Visité La Habana en el apogeo de la Revolución castrista (1974) y ya todo indicaba que pocas cosas podrían evitar el colapso que llegaría 2o años después.
En 1974 Fidel Castro estaba en el apogeo de su poder real, aquel que emanaba de una sólida alianza con la URSS y que le permitía ser temido hacia adentro y hacia afuera de la isla.
Todo olía a decadencia en La Habana; sus calles destruidas, su sistema de transporte vetusto y a todas luces insuficiente, ese tufillo a vejestud que se percibía por todas partes y sobre todo la pobreza. Esa que los cubanos llamaban revolucionaria, los piadosos digna y los lúcidos invocaban por su nombre: pobreza, siempre pobreza.
Pocas veces observé una sociedad ostensiblemente más injusta. Los hombres del gobierno disfrutaban de un bienestar que para el cubano común era inalcanzable. Pero los soviéticos, con sus propios lugares y privilegios, suponían una raza superior a la que no alcanzaban ni siquiera los nacionales beneficiados por pertenecer a una burocracia por demás aplastante.
Todo era mentira en la Cuba de Castro. La igualdad era solo un enunciado para repartir la nada; la revolución un estado de excitación permanente para maquillar las largas horas sin trabajo ni actividad alguna, el peligro de la invasión un alerta permanente para evitar caer en el letargo de la nada misma.

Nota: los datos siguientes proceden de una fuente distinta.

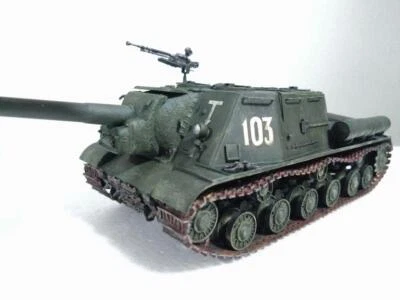 Carro armato d'assalto pesante sovietico Zvezda 1/35 JSU-152 costruito e dipinto - Immagine 1 di 4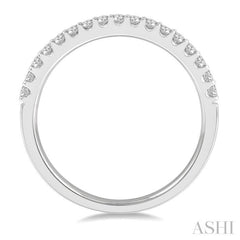1/3 Ctw Round Cut Diamond Wedding Band in 14K White Gold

Recuerdo una larga charla con Mons. Césare Sacchi, el Nuncio Apostólico en la isla, mantenida en el lujoso palacio en el que residía “preso en jaula de oro” como me repetía con triste ironía.
Recuerdo sus cuentos acerca de las dificultades que padecía la Iglesia por esos años, frente a un régimen autoritario que no la prohibía ni lo hacía con el ejercicio de la religión, pero que al poner todos los empleos en la órbita del Partido Comunista sometía a los cubanos a una opción de hierro: si eran católicos no podían ser comunistas, y si no eran comunistas no podían trabajar. A partir de ahí…que eligieran lo que más les gustase.
El cubano, cordial y alegre por naturaleza, se transfiguraba cuando se convencía de que quien le preguntaba sobre la realidad no era un espía ni ponía en riesgo su seguridad. Entonces se abría y hablaba sin temores acerca de las carencias, del racionamiento y siempre, invariablemente, sobre sus ganas de irse en búsqueda de mejor vida.
Agobiante aquella Cuba del “apogeo socialista”. Sin libertad, sin futuro y sin comida. Poseída por un poder externo que la despreciaba y contenida por un régimen propio que la sojuzgaba.
Un país en el que todos tenían acceso a la salud -aunque muy limitadamente en la región rural- y a una educación que en mucho se parecía al adoctrinamiento. pero que por obra y magia de la propaganda podía exportar aquel modelo con la fuerza suficiente para que millones de jóvenes del mundo entero terminaran creyendo que el socialismo de Castro era la vía hacia la felicidad.
Rara ensoñación que poco y nada tenía que ver con lo que se observaba en las calles de aquella Habana solo soportable con el recuerdo de Hemingway, la belleza del paisaje y mucho mojito -acompañado de silencios y palabras quedas- en la Bodeguita del Medio.